En troisième lieu, la volonté n'est pas uniquement un complexe de sentir et
de penser, mais encore et avant tout un état affectif, l'émotion de
commander dont nous avons parlé plus haut. Ce qu'on appelle le « libre
arbitre » est essentiellement le sentiment de supériorité qu'on éprouve à
l'égard d'un subalterne. « Je suis libre, c'est à lui d'obéir », voilà ce
qu'il y a au fond de toute volonté, avec cette attention tendue, ce regard
direct fixé sur une seule chose, ce jugement absolu : « a présent, ceci est
nécessaire, et rien d'autre », la certitude qu'on sera obéi, et tout ce qui
constitue encore l'état d'âme de celui qui commande. Vouloir, c'est
commander en soi à quelque chose qui obéit ou dont on se croit obéi.

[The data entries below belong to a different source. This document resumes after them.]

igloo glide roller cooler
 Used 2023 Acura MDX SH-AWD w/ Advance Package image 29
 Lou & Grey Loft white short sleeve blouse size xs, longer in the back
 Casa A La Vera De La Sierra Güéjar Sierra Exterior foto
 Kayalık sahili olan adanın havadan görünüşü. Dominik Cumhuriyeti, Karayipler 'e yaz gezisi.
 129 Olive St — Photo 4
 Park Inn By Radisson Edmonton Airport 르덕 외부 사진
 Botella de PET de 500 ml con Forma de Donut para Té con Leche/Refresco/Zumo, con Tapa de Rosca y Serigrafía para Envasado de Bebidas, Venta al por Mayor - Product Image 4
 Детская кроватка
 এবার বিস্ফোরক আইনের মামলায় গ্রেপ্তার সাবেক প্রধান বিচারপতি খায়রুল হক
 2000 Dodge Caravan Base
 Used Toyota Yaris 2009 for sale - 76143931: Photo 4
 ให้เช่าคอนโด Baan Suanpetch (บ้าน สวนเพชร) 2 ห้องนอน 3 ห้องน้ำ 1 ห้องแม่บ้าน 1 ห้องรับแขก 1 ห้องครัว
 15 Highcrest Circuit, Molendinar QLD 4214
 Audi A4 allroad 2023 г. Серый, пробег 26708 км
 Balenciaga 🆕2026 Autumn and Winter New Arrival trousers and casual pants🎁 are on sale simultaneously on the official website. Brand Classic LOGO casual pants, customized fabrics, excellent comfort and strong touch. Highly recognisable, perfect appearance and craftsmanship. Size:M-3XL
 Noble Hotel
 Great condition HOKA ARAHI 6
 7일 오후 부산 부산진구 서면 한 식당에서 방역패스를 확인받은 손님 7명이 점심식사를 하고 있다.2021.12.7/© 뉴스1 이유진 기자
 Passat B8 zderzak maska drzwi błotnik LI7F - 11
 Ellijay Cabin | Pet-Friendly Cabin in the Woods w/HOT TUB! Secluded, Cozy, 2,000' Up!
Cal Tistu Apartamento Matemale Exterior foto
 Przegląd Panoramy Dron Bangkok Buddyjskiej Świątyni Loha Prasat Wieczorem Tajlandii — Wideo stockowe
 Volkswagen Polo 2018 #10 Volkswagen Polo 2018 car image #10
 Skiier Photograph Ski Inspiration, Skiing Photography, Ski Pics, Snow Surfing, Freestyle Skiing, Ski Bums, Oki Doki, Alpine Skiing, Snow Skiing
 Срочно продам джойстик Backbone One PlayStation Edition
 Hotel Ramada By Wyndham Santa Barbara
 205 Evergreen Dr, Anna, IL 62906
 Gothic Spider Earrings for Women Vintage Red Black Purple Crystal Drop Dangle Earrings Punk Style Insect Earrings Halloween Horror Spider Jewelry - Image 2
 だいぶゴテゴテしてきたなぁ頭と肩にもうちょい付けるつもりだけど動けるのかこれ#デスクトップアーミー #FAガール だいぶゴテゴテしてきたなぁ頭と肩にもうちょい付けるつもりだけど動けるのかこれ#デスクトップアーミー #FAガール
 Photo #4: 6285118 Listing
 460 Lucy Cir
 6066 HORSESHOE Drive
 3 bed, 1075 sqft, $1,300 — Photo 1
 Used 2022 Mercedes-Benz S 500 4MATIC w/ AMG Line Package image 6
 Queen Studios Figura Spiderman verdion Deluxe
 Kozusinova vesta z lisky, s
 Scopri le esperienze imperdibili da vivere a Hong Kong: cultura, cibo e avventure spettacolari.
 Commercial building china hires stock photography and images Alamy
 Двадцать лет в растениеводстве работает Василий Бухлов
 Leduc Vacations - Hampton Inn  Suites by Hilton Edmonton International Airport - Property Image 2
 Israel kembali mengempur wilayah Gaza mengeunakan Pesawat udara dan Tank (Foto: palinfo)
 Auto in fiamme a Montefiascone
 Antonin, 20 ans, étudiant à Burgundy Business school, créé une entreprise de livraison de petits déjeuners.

Mais que l'on considère à présent l'essence la plus singulière de la
volonté, cette chose si complexe pour laquelle le vulgaire n'a qu'un seul
nom : s'il arrive que dans un cas donné nous soyons à la fois celui qui
commande et celui qui obéit, nous avons en obéissant l'impression de nous
sentir contraints, poussés, pressés de résister, de nous mouvoir,
impressions qui suivent immédiatement la volition ; mais dans la mesure où
nous avons d'autre part l'habitude de faire abstraction de ce dualisme, de
nous tromper à son sujet grâce au concept synthétique du « moi » toute une
chaîne de conclusions erronées et par suite de fausses évaluations de la
volonté elle-même viennent encore s'accrocher au vouloir. Si bien que celui
qui veut, croit de bonne foi qu'il suffit de vouloir pour agir.
Comme, dans la plupart des cas, on s'est contenté de vouloir et qu'on a pu
aussi s'attendre à l'effet de l'ordre donné, c'est-à-dire à l'obéissance, à
l'accomplissement de l'acte prescrit, l'apparence s'est traduite par le
sentiment que l'acte devait nécessairement se produire ; bref, celui qui
« veut » croit avec un certain degré de certitude que vouloir et agir ne
font qu'un, en un certain sens. Il attribue la réussite, l'exécution du
vouloir au vouloir lui-même, et cette croyance renforce en lui le sentiment
de puissance qu'apporte le succès. Le « libre arbitre », tel est le nom de
cet état de plaisir complexe de l'homme qui veut, qui commande, et qui en
même temps se confond avec celui qui exécute, et goûte ainsi le plaisir de
surmonter des obstacles tout en estimant à part soi que c'est sa volonté qui
a triomphé des résistances.
Dans l'acte volontaire, s'ajoute ainsi au plaisir de donner un ordre le
plaisir de l'instrument qui l'exécute avec succès ; à la volonté s'ajoutent
des volontés subalternes des âmes subalternes et dociles, notre corps
n'étant que l'édifice collectif de plusieurs âmes. L'effet, c'est moi ; il
se passe ici ce qui se passe dans toute collectivité heureuse et bien
organisée ; la classe dirigeante s'identifie aux succès de la collectivité.
Dans tout vouloir il s'agit simplement de commander et d'obéir à l'intérieur
d'une structure collective complexe, faite, comme je l'ai dit, de plusieurs
âmes ; c'est pourquoi un philosophe devrait pouvoir se permettre de
considérer le vouloir sous l'angle de la morale, la morale conçue comme la
science d'une hiérarchie dominatrice, d'où naît le phénomène de la vie.